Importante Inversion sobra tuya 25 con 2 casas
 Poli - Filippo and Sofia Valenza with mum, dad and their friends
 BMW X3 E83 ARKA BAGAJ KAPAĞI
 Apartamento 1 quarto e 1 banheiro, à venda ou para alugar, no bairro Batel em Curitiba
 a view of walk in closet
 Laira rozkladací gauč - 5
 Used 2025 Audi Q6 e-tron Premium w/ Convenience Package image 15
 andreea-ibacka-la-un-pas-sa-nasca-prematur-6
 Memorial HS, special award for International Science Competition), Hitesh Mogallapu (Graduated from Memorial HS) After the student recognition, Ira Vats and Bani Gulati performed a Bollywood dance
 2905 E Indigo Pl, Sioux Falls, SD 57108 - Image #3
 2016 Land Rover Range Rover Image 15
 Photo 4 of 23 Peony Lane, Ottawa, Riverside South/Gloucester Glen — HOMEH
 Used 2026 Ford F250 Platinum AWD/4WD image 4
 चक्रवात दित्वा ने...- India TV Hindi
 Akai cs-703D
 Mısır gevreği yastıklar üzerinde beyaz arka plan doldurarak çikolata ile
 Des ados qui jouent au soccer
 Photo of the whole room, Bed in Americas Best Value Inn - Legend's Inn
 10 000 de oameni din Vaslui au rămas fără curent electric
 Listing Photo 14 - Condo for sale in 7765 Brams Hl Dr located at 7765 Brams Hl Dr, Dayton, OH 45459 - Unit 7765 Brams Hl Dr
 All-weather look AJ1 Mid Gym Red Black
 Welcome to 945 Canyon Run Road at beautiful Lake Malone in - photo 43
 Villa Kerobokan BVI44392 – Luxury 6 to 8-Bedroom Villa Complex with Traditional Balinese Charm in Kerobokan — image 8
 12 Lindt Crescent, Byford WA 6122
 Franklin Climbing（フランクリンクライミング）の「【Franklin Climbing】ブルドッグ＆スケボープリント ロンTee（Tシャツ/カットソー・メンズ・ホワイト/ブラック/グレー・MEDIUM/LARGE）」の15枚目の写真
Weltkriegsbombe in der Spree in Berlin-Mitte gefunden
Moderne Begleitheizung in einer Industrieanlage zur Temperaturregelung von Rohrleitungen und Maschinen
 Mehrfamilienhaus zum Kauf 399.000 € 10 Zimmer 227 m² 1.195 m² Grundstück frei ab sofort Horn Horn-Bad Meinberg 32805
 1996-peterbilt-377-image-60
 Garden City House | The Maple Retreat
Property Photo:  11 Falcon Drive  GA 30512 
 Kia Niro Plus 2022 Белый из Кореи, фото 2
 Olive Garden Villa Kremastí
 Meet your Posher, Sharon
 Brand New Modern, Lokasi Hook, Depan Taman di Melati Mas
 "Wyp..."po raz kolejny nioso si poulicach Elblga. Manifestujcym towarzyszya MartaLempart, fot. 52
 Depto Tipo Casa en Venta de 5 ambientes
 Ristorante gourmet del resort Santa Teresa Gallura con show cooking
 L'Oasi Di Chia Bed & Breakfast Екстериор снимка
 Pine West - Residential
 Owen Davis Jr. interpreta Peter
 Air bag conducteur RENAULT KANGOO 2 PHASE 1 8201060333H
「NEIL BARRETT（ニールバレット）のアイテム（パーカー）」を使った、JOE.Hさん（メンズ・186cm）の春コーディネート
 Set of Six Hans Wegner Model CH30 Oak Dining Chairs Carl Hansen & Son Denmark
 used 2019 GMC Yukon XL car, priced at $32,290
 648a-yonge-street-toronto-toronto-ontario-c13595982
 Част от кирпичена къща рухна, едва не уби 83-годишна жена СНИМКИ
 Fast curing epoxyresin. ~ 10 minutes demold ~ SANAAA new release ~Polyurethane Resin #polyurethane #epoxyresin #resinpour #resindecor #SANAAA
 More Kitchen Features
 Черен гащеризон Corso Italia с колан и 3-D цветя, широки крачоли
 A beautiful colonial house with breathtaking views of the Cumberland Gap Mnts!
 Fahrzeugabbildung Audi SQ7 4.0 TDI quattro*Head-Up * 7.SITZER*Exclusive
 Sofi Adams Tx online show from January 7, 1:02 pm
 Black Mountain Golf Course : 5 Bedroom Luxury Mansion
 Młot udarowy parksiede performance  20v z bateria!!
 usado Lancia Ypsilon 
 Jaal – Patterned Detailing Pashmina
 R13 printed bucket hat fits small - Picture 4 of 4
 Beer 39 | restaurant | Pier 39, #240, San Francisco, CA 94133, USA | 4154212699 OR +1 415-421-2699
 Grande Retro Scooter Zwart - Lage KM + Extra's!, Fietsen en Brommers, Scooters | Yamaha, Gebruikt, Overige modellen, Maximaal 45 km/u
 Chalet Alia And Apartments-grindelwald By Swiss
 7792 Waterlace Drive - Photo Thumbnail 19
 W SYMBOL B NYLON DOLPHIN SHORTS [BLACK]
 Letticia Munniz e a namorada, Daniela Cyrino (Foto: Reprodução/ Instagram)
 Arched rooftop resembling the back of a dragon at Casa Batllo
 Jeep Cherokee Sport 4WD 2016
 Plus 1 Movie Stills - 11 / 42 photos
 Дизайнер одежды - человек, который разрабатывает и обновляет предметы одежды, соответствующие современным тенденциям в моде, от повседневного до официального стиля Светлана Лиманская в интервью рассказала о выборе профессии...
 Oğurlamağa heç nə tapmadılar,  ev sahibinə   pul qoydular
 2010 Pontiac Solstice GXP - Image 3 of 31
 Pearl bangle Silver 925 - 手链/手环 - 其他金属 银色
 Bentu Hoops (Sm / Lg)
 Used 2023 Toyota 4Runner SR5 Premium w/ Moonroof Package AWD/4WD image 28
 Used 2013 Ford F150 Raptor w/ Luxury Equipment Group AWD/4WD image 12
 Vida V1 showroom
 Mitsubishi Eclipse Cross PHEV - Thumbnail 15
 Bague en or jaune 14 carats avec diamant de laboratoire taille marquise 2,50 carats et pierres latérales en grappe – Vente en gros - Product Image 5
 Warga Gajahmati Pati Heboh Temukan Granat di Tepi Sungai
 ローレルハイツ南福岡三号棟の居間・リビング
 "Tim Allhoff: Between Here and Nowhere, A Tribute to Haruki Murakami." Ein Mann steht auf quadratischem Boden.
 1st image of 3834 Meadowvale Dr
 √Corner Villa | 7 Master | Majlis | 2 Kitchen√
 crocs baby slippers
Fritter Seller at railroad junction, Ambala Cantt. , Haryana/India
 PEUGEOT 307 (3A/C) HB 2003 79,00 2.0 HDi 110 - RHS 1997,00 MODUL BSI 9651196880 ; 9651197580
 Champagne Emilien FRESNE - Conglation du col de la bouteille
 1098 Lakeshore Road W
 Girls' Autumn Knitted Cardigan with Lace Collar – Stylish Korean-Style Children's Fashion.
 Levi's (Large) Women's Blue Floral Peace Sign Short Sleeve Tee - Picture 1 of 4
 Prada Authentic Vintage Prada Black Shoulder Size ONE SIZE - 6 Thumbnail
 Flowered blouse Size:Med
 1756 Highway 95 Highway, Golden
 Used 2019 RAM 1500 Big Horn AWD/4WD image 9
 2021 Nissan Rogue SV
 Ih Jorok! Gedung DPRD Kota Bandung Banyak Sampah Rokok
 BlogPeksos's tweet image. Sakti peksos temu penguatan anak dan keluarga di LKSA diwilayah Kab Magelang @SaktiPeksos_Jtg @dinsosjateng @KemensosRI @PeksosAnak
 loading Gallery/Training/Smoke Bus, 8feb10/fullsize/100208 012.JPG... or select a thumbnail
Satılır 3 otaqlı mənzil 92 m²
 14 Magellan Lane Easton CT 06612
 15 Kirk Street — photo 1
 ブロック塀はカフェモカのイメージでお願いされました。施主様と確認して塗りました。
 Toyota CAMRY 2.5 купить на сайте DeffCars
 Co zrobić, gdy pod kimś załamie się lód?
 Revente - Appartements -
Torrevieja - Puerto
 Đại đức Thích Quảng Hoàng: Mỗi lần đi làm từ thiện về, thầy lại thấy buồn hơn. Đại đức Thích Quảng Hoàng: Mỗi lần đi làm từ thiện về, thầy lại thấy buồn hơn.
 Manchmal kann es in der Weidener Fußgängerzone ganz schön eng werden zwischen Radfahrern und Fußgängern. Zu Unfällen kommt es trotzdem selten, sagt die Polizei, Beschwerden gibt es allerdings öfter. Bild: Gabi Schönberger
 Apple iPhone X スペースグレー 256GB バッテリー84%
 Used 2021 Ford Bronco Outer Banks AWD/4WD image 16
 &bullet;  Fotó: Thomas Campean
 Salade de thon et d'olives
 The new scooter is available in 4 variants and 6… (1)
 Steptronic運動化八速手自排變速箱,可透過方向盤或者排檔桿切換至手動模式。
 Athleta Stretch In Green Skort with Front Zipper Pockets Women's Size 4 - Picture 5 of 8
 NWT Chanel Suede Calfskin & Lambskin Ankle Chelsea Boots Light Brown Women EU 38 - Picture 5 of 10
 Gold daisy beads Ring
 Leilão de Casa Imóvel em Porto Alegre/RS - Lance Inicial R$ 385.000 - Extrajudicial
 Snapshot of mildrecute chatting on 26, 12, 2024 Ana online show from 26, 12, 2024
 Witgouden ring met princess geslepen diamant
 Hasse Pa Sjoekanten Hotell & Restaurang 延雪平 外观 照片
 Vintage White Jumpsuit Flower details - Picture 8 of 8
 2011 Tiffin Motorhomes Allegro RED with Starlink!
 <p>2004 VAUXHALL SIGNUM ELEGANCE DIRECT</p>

______

> _PROBLEM TO WORK ON_:
The result should consist solely of the lines from the one that contains "Leilão de Casa" to the last line of the records above, reproduced exactly.

> _EXERCISE OUTPUT_:
 Leilão de Casa Imóvel em Porto Alegre/RS - Lance Inicial R$ 385.000 - Extrajudicial
 Snapshot of mildrecute chatting on 26, 12, 2024 Ana online show from 26, 12, 2024
 Witgouden ring met princess geslepen diamant
 Hasse Pa Sjoekanten Hotell & Restaurang 延雪平 外观 照片
 Vintage White Jumpsuit Flower details - Picture 8 of 8
 2011 Tiffin Motorhomes Allegro RED with Starlink!
 <p>2004 VAUXHALL SIGNUM ELEGANCE DIRECT</p>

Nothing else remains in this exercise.